#### Your instructions:
Each line in the data must be reproduced as written, except for any picture.

#### Available data:

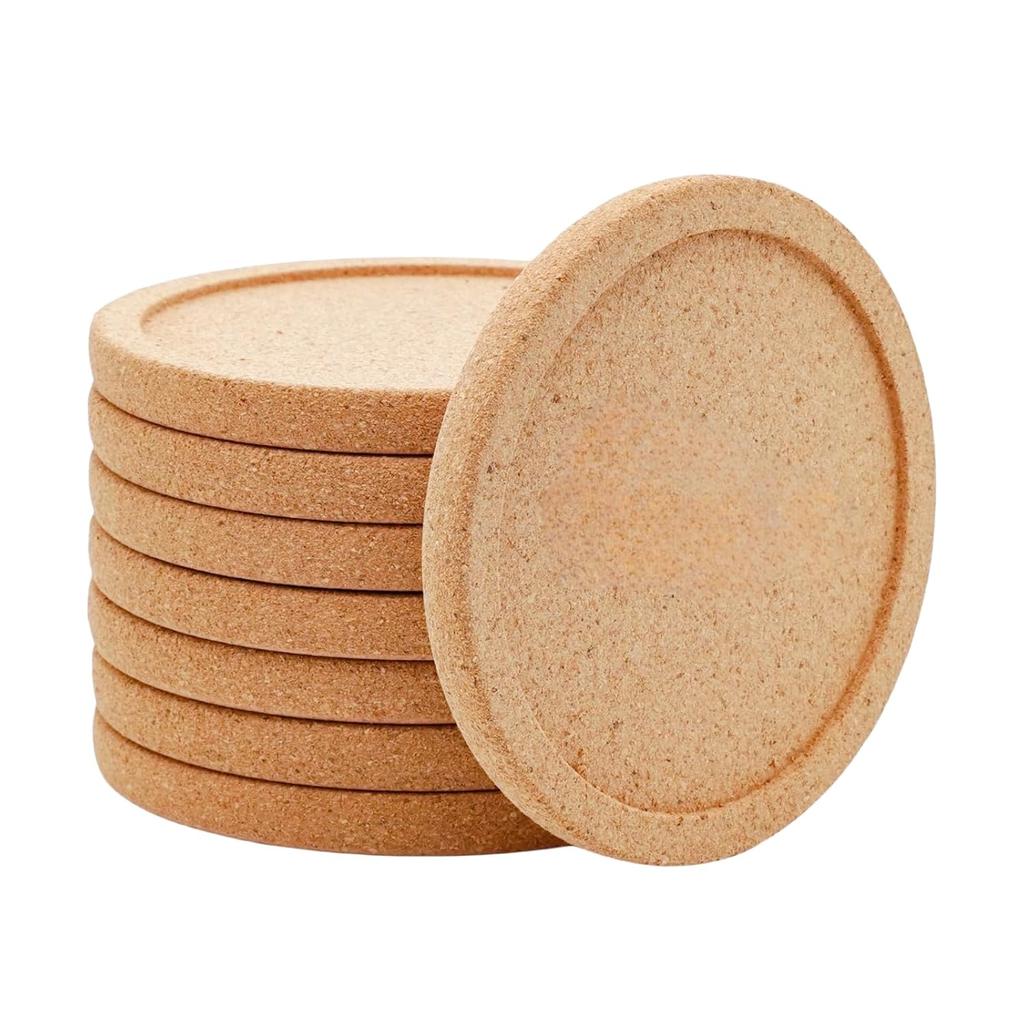 Cork Coaster Diameter 10cm Thickness 10mm Set 8 Groove Design High-density Natural Cork.
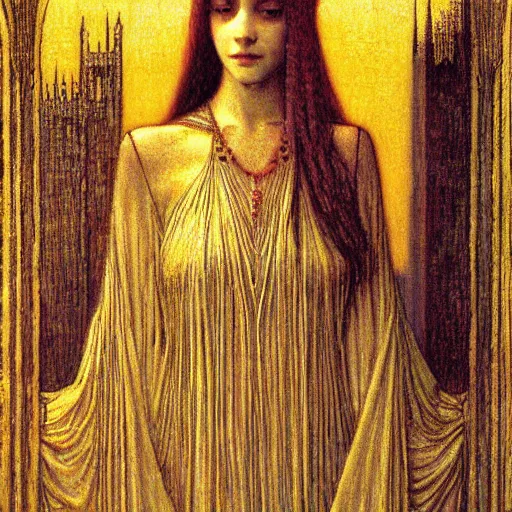 Prompt: a beautiful young medieval queen by jean delville, art nouveau, symbolist, visionary, gothic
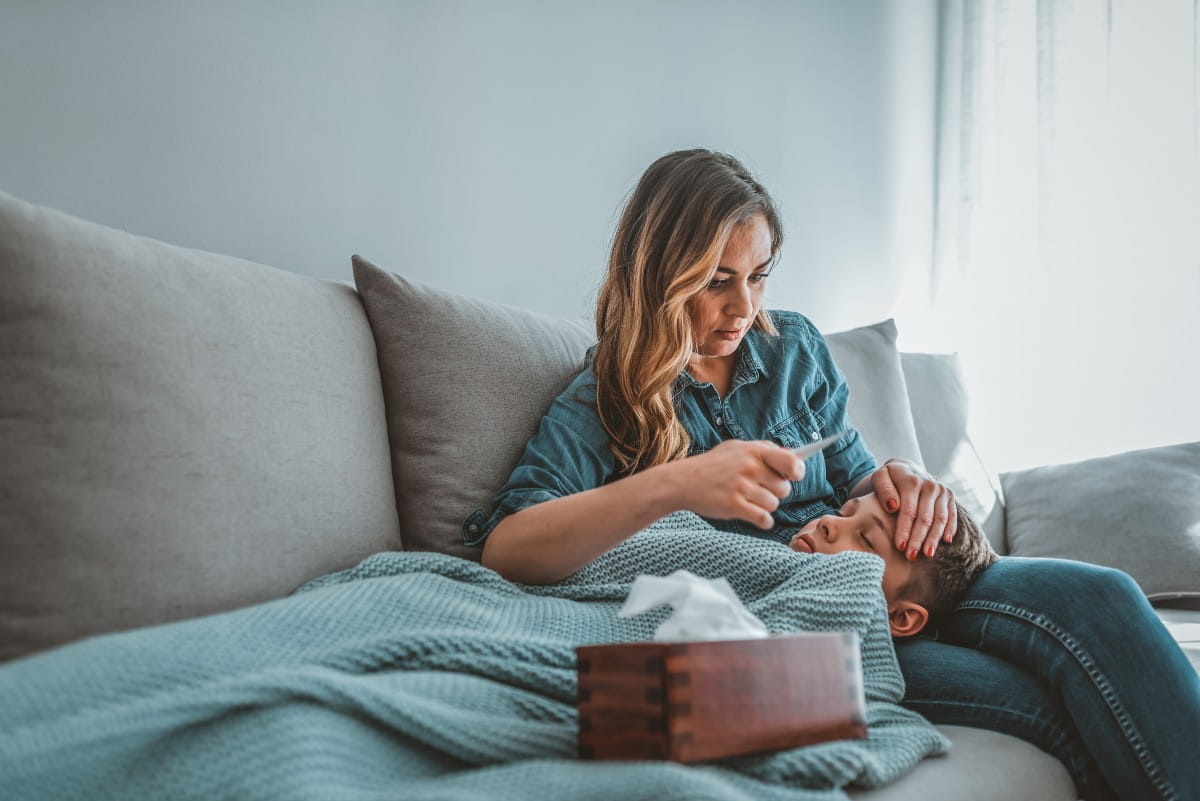 mom with sick child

#### Response to the task:
 Cork Coaster Diameter 10cm Thickness 10mm Set 8 Groove Design High-density Natural Cork.
 Prompt: a beautiful young medieval queen by jean delville, art nouveau, symbolist, visionary, gothic
 mom with sick child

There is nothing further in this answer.